According to Alford and Duguid, "The basic (Southeast Asian) palate is hot, sour, salty, sweet, and sometimes bitter. If you order a green papaya salad from a street vendor in Thailand, the last thing the vendor will do before serving the salad is to give you a small spoonful of the salad, asking for your opinion. If you'd like it hotter, more chiles will be added; if you want it saltier, more fish sauce; more sour, lime juice will be added; sweeter, more palm sugar…And while this balancing act takes place in an individual dish like a green papaya salad, it also shapes a meal, determining what dishes should be served alongside others…"
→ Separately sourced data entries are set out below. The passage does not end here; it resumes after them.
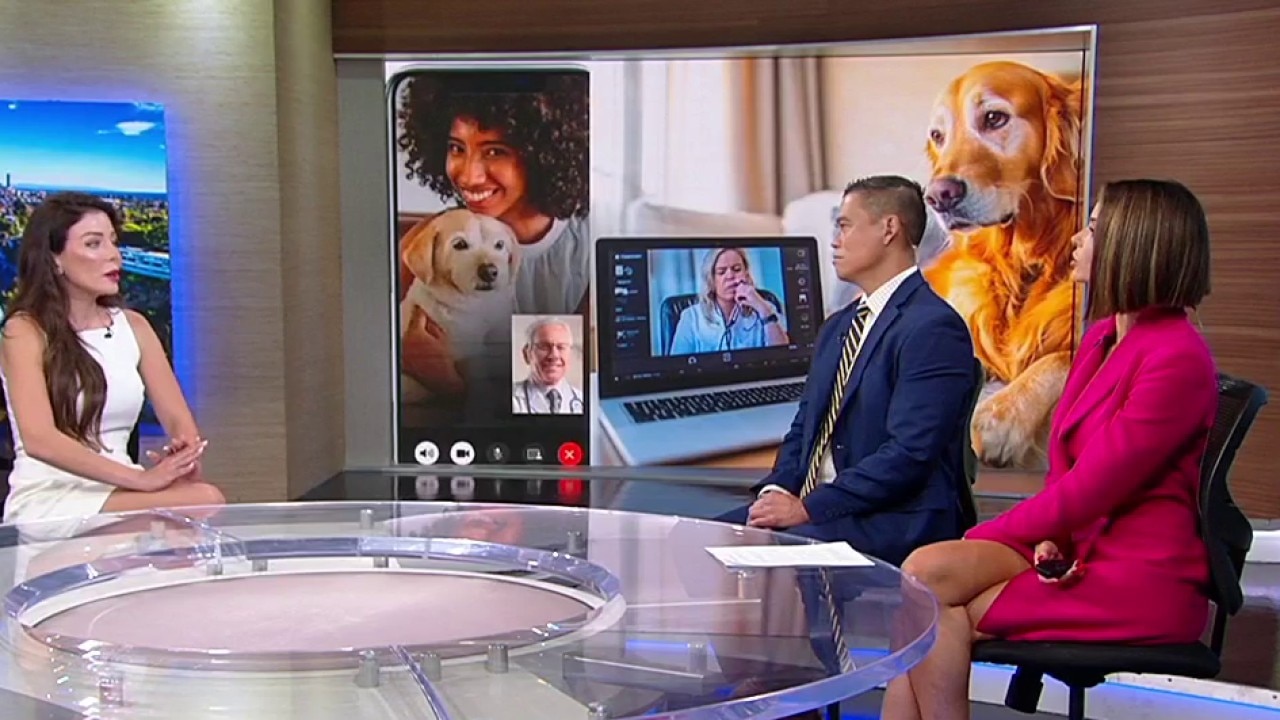 Telavets.com founder explains virtual medicine for your pet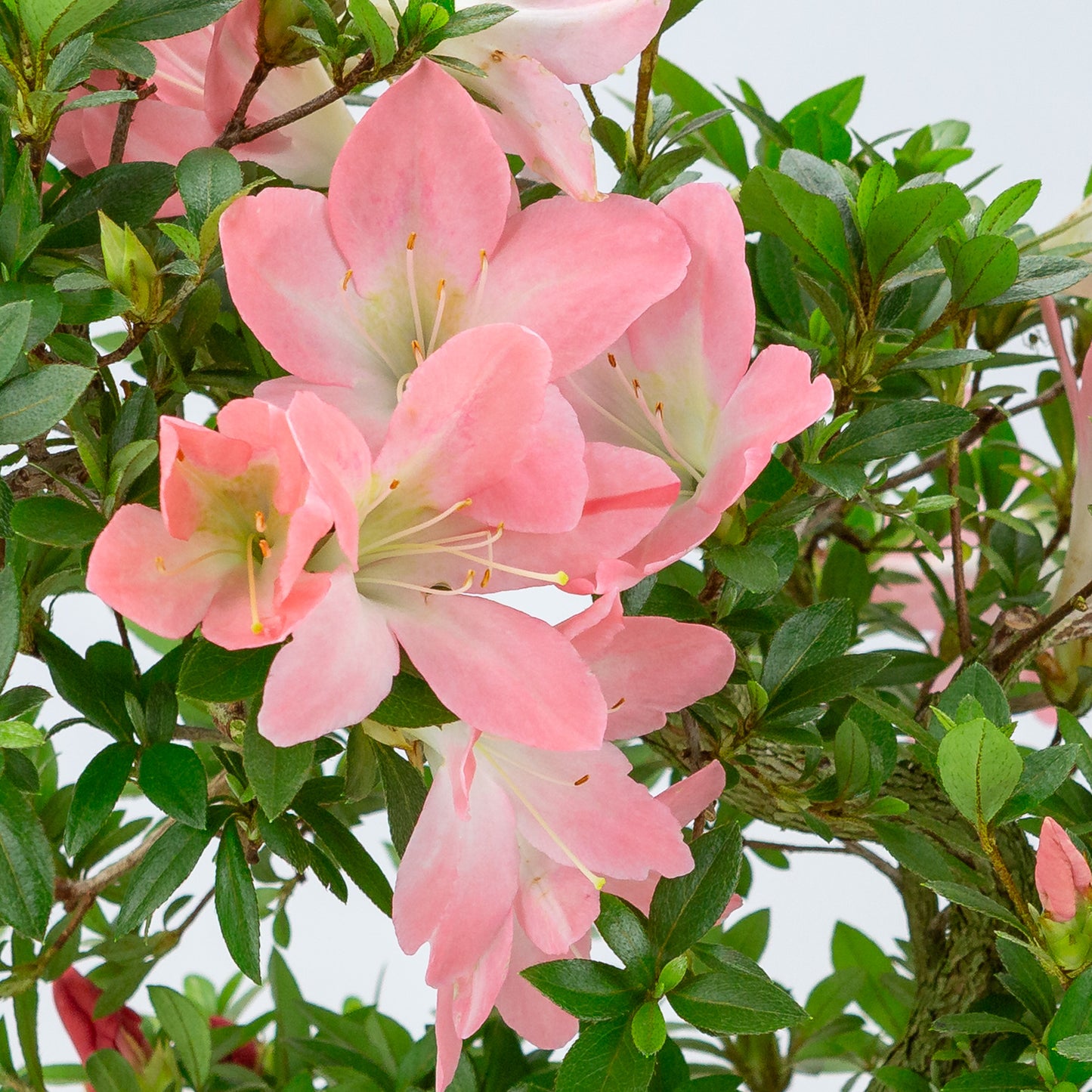 Rhododendron indicum 'Akari' (azalée satsuki), hauteur ~46cm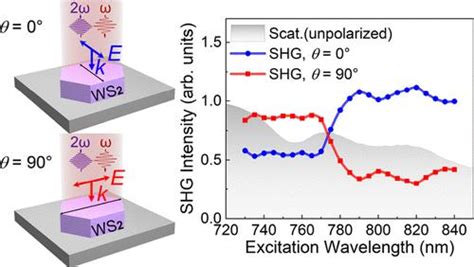 Anisotropically Enhanced Second Harmonic Generation In A WS2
This emphasis on contrast, balance, and varying textures is not exclusive to Southeast Asian and Chinese cooking. In Germany, for instance, there is a lot of balancing of sweet, sour, salty, and fatty or meaty textures (sauerkraut, wurst, sauerbrauten, etc.). This is why the Germans are more apt to drink off-dry to medium-sweet Rieslings (if not beer) with their foods, as opposed to the bone-dry styles of wines predominant in France, Italy and Spain. Not surprisingly, many of today's food and wine consultants strongly recommend German Rieslings or beer with Southeast Asian and Chinese foods as well. The natural sugar-acid balance of Rieslings is quite compatible with the hot, sour, salty, sweet elements of Asian foods, and beer provides fluid qualities with mildly bitter undertones which further add to the equation. It's a question of harmony and balance. If it works for German foods, it certainly works in Asian foods.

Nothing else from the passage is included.